Response: We agree that the verification standards for public assistance will ensure uniform practices across programs and believe this is important to program integrity even if it may cause some delays, so we have not changed this language. We added language to the standard in paragraph (i)(1)(i) to include proof of income from individuals who are self-employed. This is meant to clarify that income sources from informal work, such as day laborers, should be included for income eligibility. Additionally we removed “all” before tax forms. We realize that programs want to be conscientious about proper eligibility verification so we will continue to provide guidance and support about the implementation of these standards as requested.
Comment: As noted previously, some commenters submitted suggestions about eligibility duration standards in paragraph (j). Some commenters recommended changes that would facilitate eligibility from Early Head Start to Head Start. Commenters noted that the standard in paragraph (j)(4) can complicate a program's enrollment of over-income slots if an eligible family becomes more self-sufficient during their time in Head Start.
Response: The Act sets forth the requirements for the re-determination of eligibility for Head Start after Early Head Start so we do not have authority to change these standards.
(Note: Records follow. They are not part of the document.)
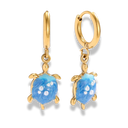 Blue Tortoise Huggie Ohrringe 14K Vergoldet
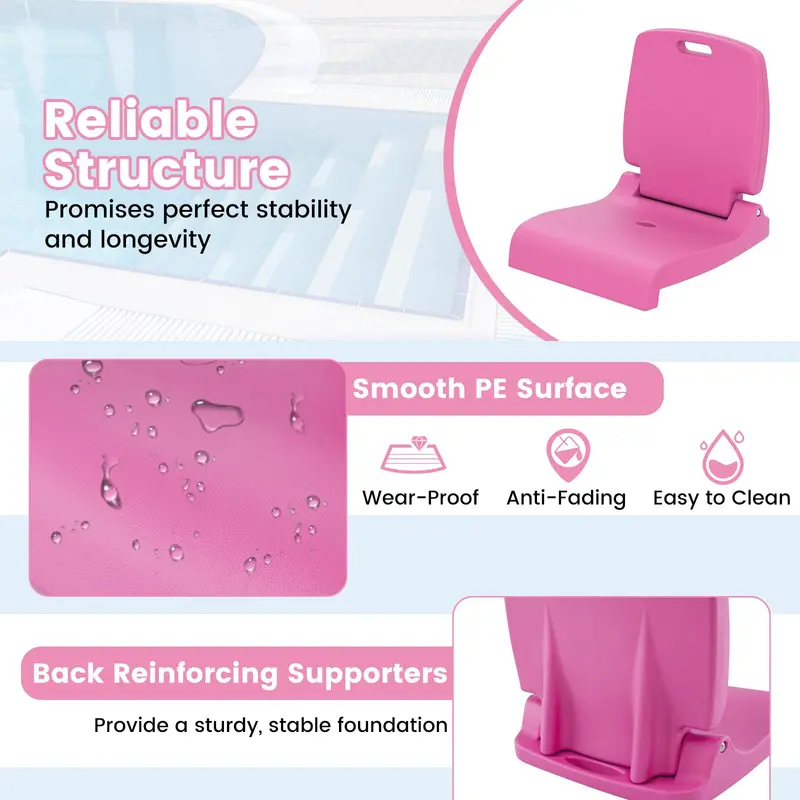Foldable Poolside Flip Seat – Lightweight Portable Chair with Back Support & Dual Handles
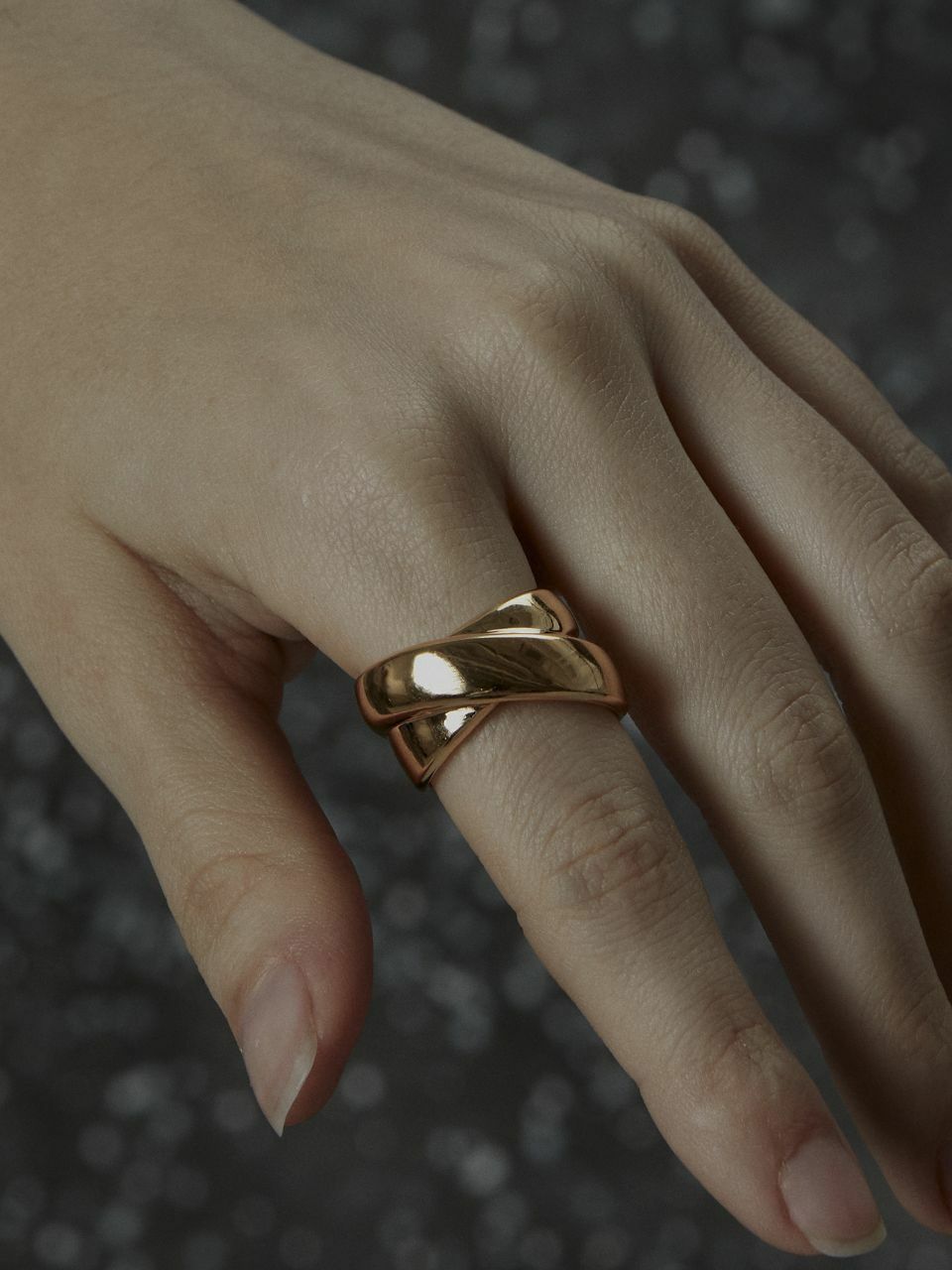 Invisible collage Orbit Ring - Gold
We believe programs have enough flexibility in their prioritization criteria in paragraph (j)(4), so we did not make changes.
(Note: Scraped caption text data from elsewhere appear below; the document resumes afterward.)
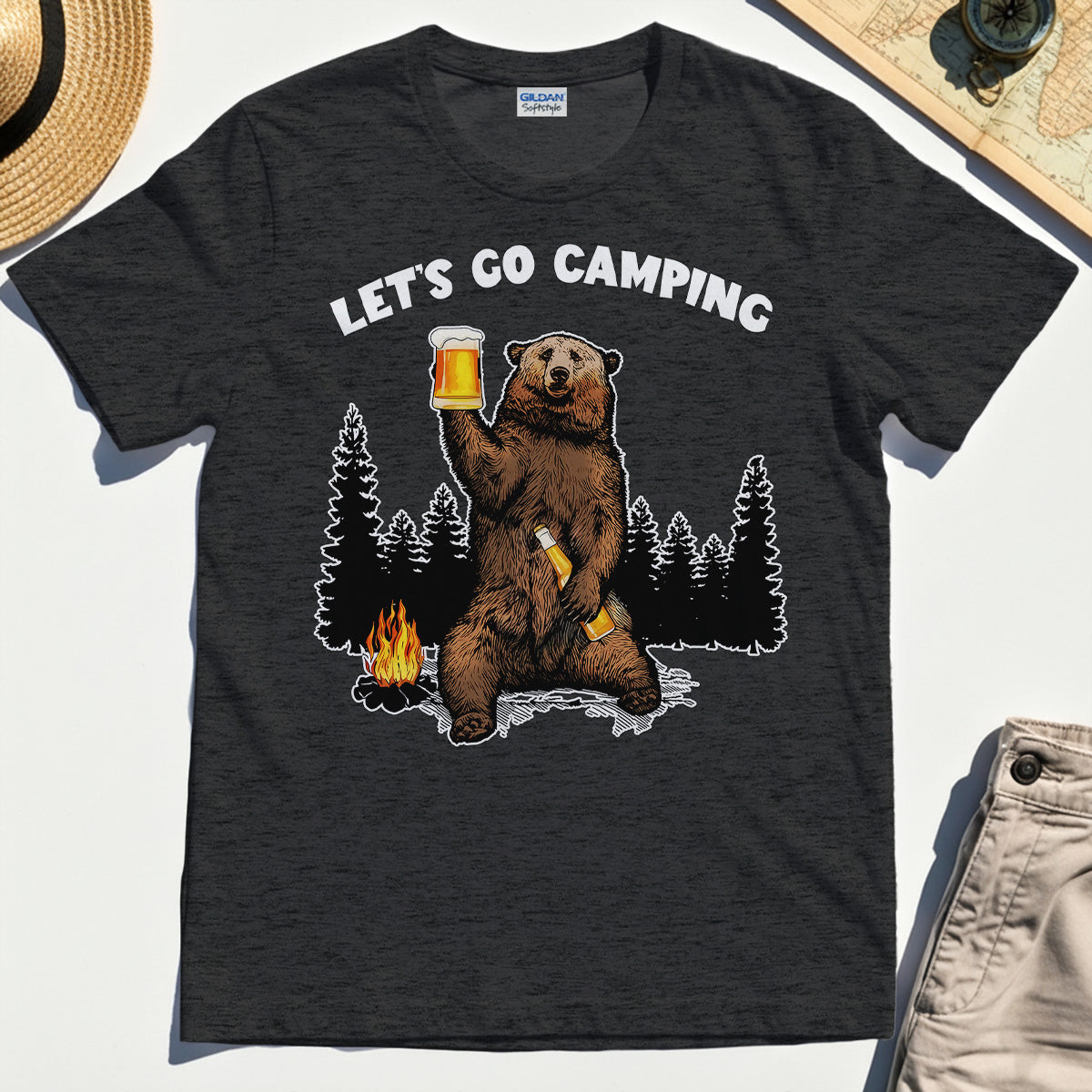 Let’s Go Camping Shirt, Funny Beer Drinking Bear Graphic Tee For Outdoor & Camping Lovers 3
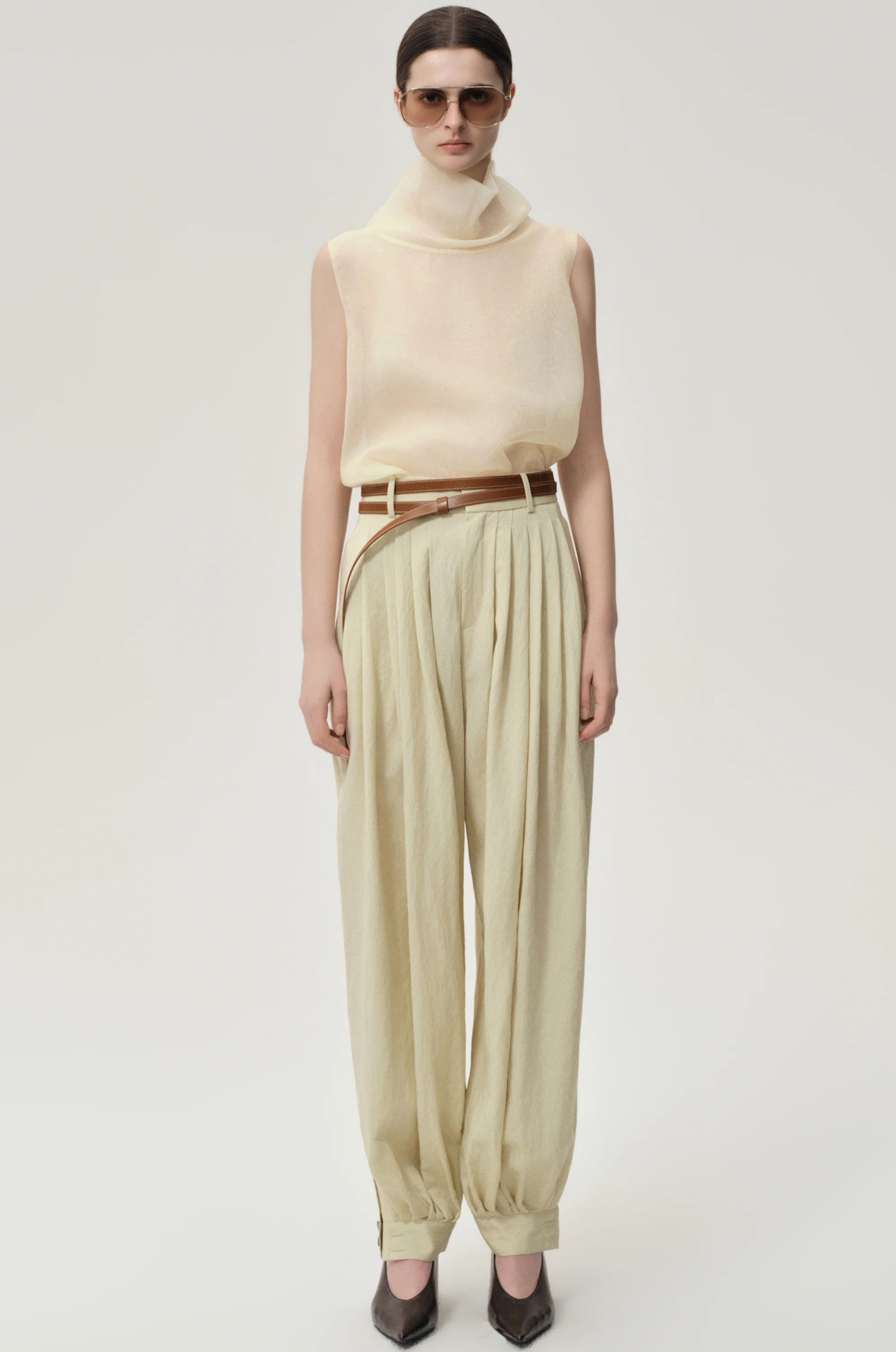 Silk Organza Turtleneck Top Butter - Image 4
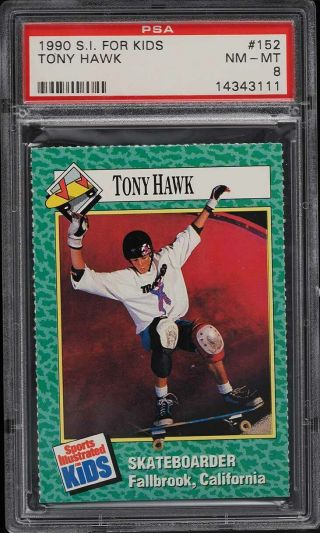 1990 Sports Illustrated For Kids 152 Tony Hawk Rc Psa 8 Nm - Mt Sifk Rookie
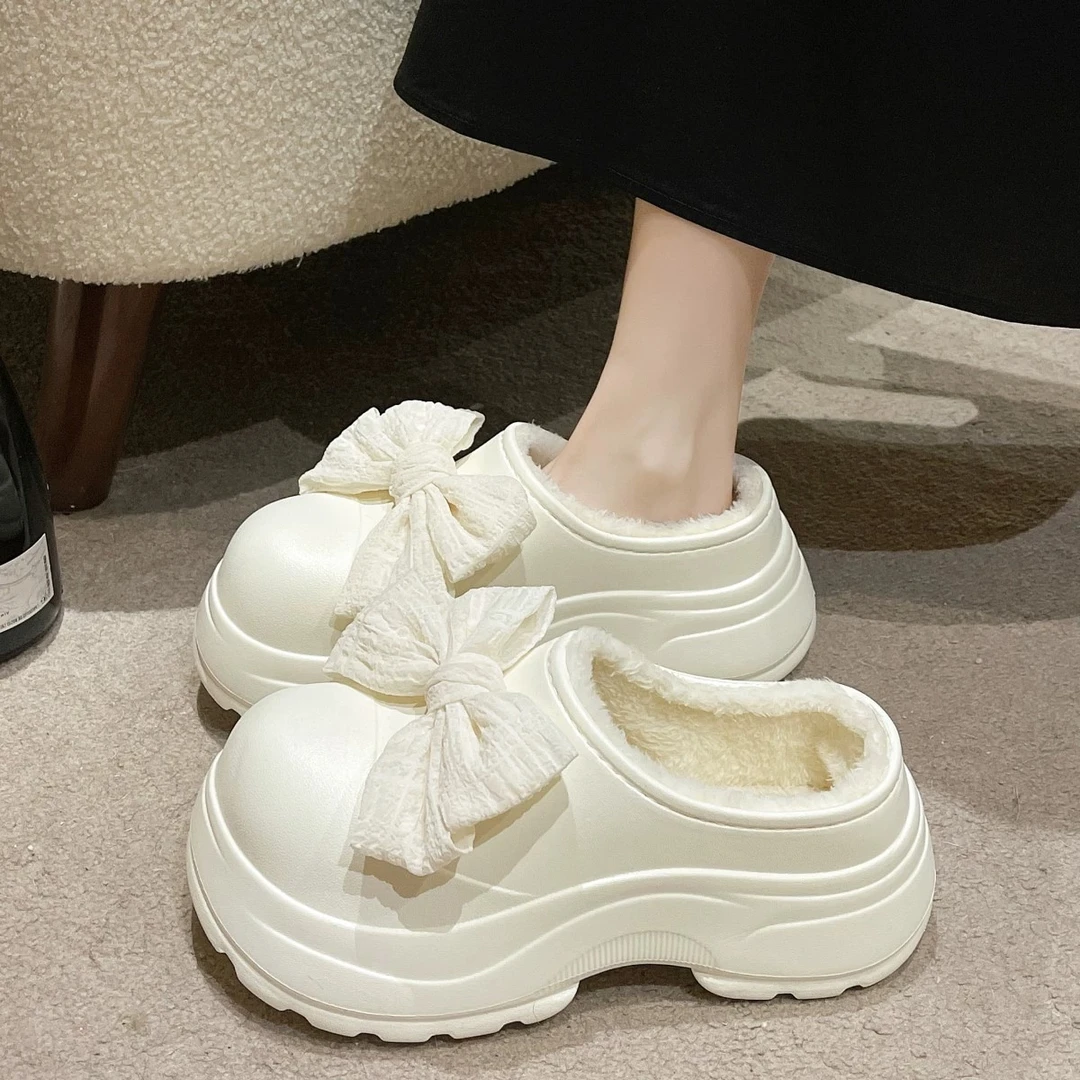 厚底毛毛拖鞋女秋冬外穿2024新款网红高级感增高毛绒防水棉拖鞋女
Comment: Commenters requested clarification of the standards in paragraph (m) about eligibility training. For example, commenters were confused by outdated language in paragraph (m)(3).
Response: To improve clarity of this paragraph, technical changes were made to eliminate language in paragraph (m)(3), which was unnecessary and confusing because it noted an outdated timeline tied to the final eligibility rule published in February 2015.
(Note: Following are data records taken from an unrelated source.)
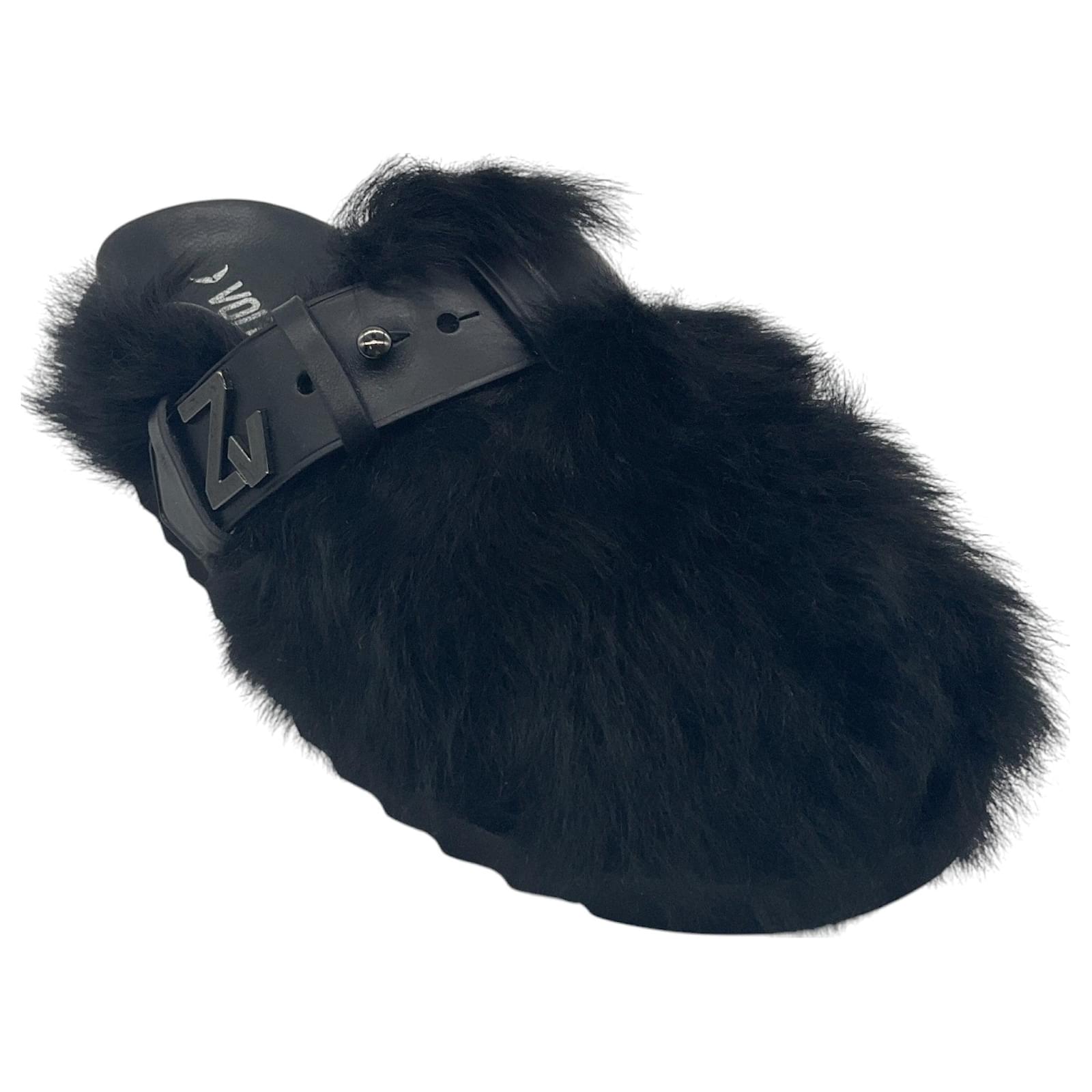 Zadig & Voltaire Black Hairy Lambskin Alpha Mules Faux fur ref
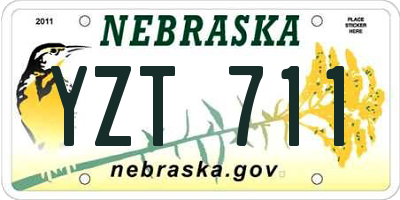 NE license plate YZT711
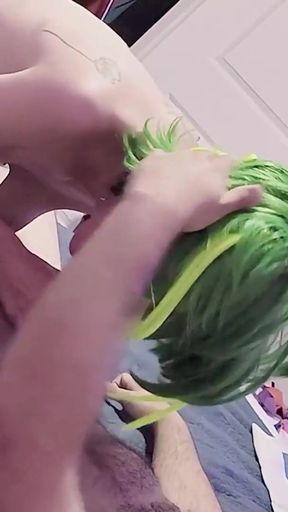 Green haired punk rocker babe gives the most amazing blowjob of her life and gets a messy facial   Clip 2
Section 1302.13 Recruitment of Children
This section maintained and streamlined standards from the previous rule about the goal of recruitment efforts and some specific efforts a program must make.
Comment: We received some comments on this section, including requests for clarification and recommendations for additional emphasis on recruitment of certain populations.
Response: Programs are required to serve children with disabilities as at least 10 percent of their funded enrollment. Therefore, requiring active recruitment for this specific population is appropriate. We added that programs should also actively recruit other vulnerable populations, including homeless children and children in foster care, and provided programs with the flexibility to define these populations based on their community assessment.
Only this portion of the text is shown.